O processo judicial de desapropriação por utilidade pública é regulado pelo


Decreto-Lei nº 3.365/1941, que também trata da desapropriação administrativa, feita
de forma consensual entre as partes.
A dúvida que surge é quanto à sentença em uma ação dessa natureza: ela
declara desapropriado o bem, decreta a desapropriação ou simplesmente estabelece o
valor da indenização, pressupondo-se que a desapropriação em si já ocorreu antes,
com a expedição do ato administrativo?
Particularmente, entendo que a ação judicial decreta a desapropriação, ou seja,
constitui uma situação jurídica nova.

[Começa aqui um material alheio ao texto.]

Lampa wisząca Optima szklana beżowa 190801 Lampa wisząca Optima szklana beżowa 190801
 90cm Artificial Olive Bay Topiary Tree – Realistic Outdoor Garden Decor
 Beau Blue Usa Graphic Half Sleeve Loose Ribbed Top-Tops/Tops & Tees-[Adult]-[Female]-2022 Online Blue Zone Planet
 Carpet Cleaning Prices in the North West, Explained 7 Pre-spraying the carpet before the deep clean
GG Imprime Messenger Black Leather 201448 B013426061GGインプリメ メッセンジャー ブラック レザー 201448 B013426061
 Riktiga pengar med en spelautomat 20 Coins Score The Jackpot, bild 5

Tenho essa visão com base no Decreto-Lei nº
3.365/1941. É certo que esse texto legal é contraditório e, em alguns momentos, dá a
entender que a perda da propriedade acontece em momento pré-processual. Nesse
sentido:

Art. 13. A petição inicial, além dos requisitos previstos no Código de


Processo Civil, conterá a oferta do preço e será instruída com um
exemplar do contrato, ou do jornal oficial que houver publicado o
decreto de desapropriação, ou cópia autenticada dos mesmos, e a
planta ou descrição dos bens e suas confrontações.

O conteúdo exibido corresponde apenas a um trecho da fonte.